Avrupa İnsan Hakları Mahkemesi (AİHM) dün (27 Eylül) Strazburg'da bugüne kadar mahkemeye taşınan en büyük iklim davasını görüştü.
Küresel İklim İletişim Ağı’nın aktardığına göre genç iklim aktivistleri, söz konusu ülkelerin emisyonlarını yeterince hızlı azaltmadıkları için insan haklarını ihlal ettiklerini iddia ediyor. Duruşma, bugüne kadar herhangi bir mahkemede davalı durumundaki sayıca en fazla ülkeyi hedef alıyor.
Türkiye’nin savunması
Duruşmada davalı ülkeler tarafında 80'den fazla avukat mahkeme salonunda hazır bulunurken, genç davacılar sadece altı avukattan oluşan bir grup tarafından temsil edildi. Avrupa'nın dört bir yanından aktivistler dayanışma göstermek amacıyla duruşma günü aktivistlere mahkemeye kadar eşlik etti.
Davayla ilgili görüş bildiren Grantham Enstitüsü, London School of Economics Politika Araştırmacısı Kate Higham “Altı Portekizli genç tarafından 32 hükümete karşı açılan dava, iklim davaları açısından bir dönüm noktası olabilir,” dedi.
Davada Türkiye’yi temsil eden Adalet Bakanlığı İnsan Hakları Dairesi Başkanı Dr. Hacı Ali Açıkgül, davanın açıldığı Şubat 2021’de Türkiye’nin henüz Paris Anlaşması’na taraf olmadığını belirterek Türkiye’nin özel bir pozisyonu olduğunu savundu. Ancak dava, hükümetlerin insan haklarını ihlal ettiği iddiası üzerinden görülüyor ve Türkiye devleti Avrupa İnsan Hakları Sözleşmesi’ne 1950 yılından beri taraf olması sebebiyle davalı konumunda.
Dava sonucunda mahkeme, hükümetlere iklim eylemlerini arttırma ve güçlendirme talimatı verebilir.

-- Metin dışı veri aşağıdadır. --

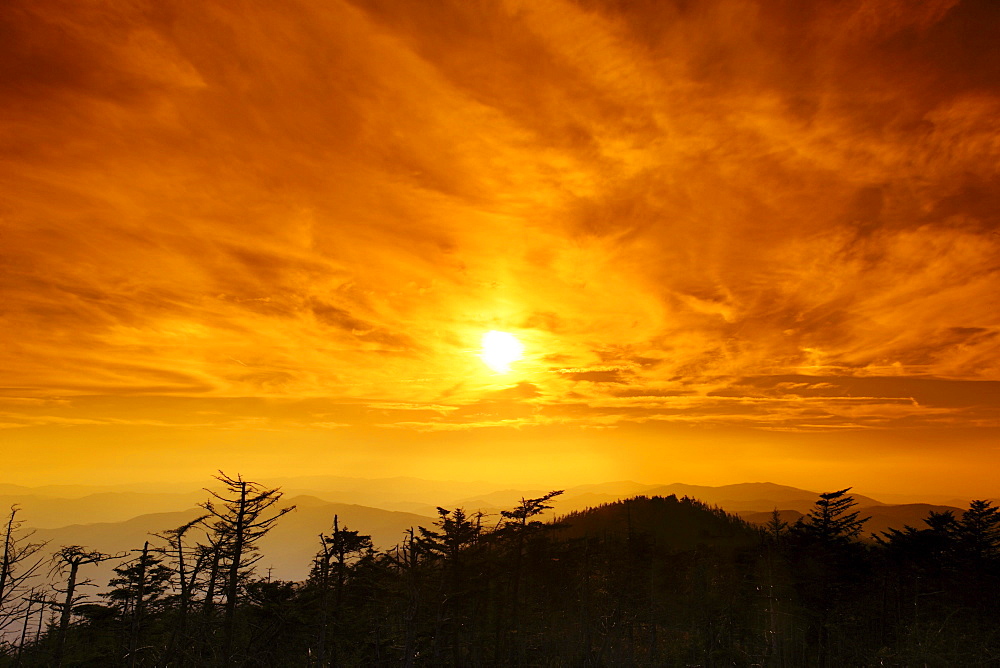 Sunset over mountains from top of Clingmans Dome, Great Smoky Mountains National Park, North Carolina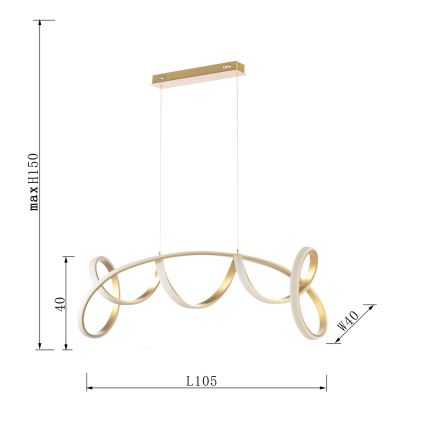 ONLI - LED pendel KIRA LED/60W/230V 4000K guldfarvet
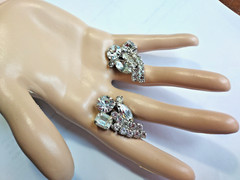 Rhinestone Ear Climber Clip On Earrings Vintage *** Stunning!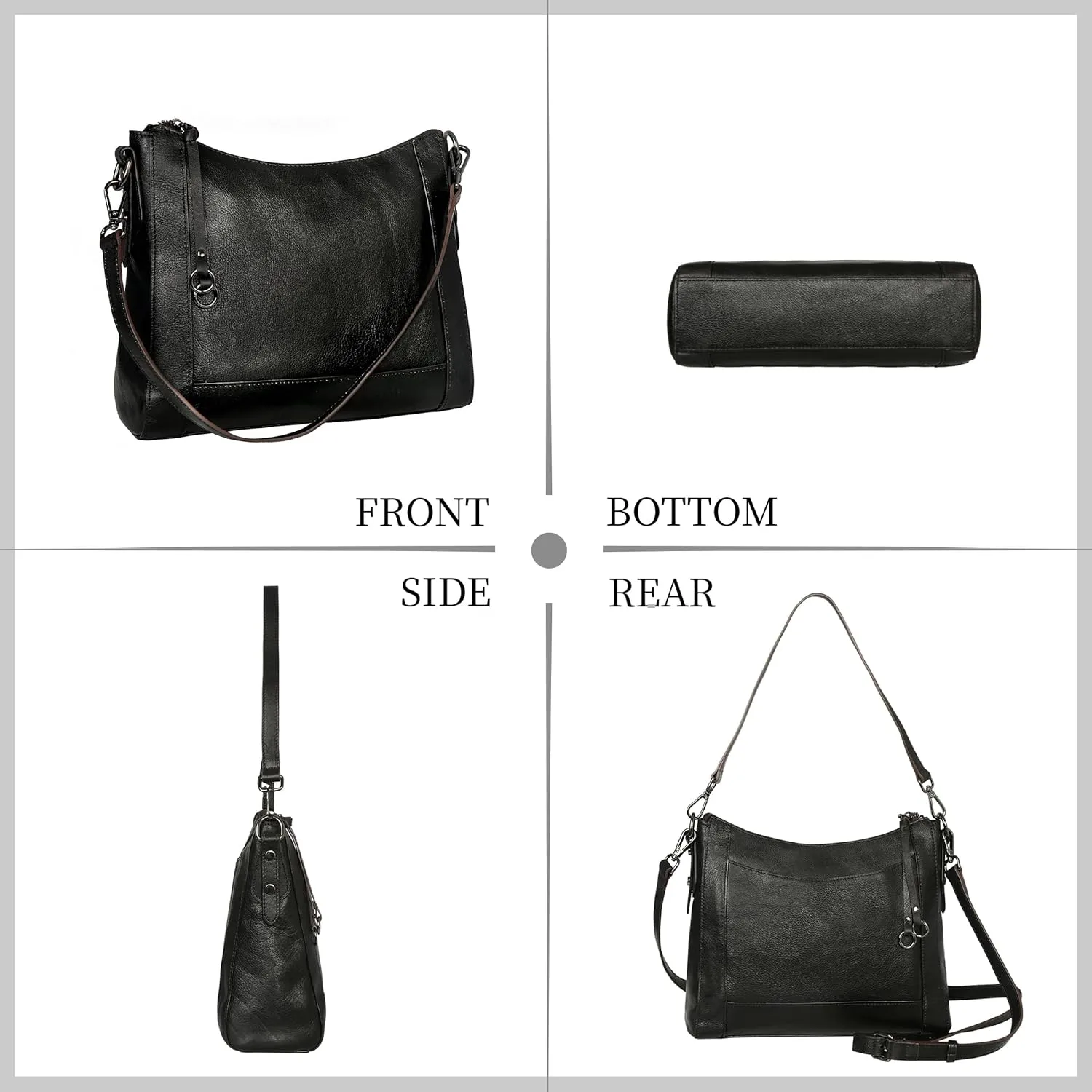 Iswee Genuine Leather Crossbody Bags for Women Satchel Purse Hobo Handbag Ladies Vintage Shoulder Bag Work
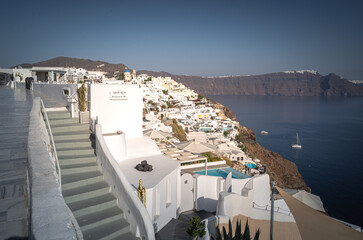 White architecture on Santorini island, Greece.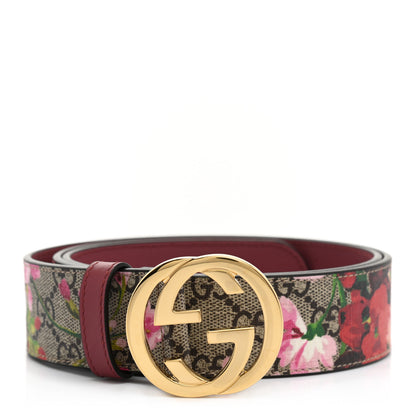 Gucci GG Supreme Monogram Blooms Moon Calfskin Interlocking G 37mm Belt 95 38 Beige Ebony Multicolor Dry Rose 1 of 5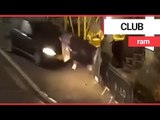 Driver ploughs into doorstaff at nightclub after they thrown him out | SWNS TV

Kararın 2024 yılında açıklanması bekleniyor.
Soru işareti
Türkiye'nin iklim taahhütlerine karşı ilk iklim davasını açan gençlerin de avukatı olan Deniz Bayram "Bugün Avrupa İnsan Hakları Mahkemesi'nde gerçekleştirilen duruşmada, Türkiye'nin dava açıldığında Paris İklim Anlaşması'na taraf olmadığı ve farklı konumunun bulunduğu gerekçesiyle davanın kabul edilebilirliği konusunda beyanda bulunması iklim kriziyle mücadele iradesine dair soru işareti oluşturdu,” dedi. Bayram, açıklamasına şöyle devam etti:
“Portekizli altı genç davacı gibi, Türkiye'de dava açan üç genç de iklim krizine karşı insan haklarının korunmasını talep ediyor. Türkiye'nin Paris İklim Anlaşması'na taraf olduktan sonra güncellenmiş ulusal katkı beyanının yeterli bir iklim eylem planı olmadığı gerekçesiyle üç gencin açtığı dava Türkiye'de devam ediyor.
“Türkiye dahil tüm devletlerin, küresel ısıtmayı 1.5 derecede ile sınırlama amacına uygun taahhütlerde bulunması ve bu bunları uygulaması bekleniyor. Karar vericilerin, iklim krizinin kırmızı alarm durumunda olduğu bu dönemde, davalarla muhatap olmaktan kaçınan açıklamalar yerine etkili iklim planlarını açıklamaları gerekiyor. Bu davalara devletlerin vereceği doğru cevaplar ise açık; Paris İklim Anlaşması ile uyumlu mutlak emisyon azaltımı taahhütleri vermek, taahhütleri bağlayıcı yasal düzenlemelere dönüştürmek ve uygulamak.”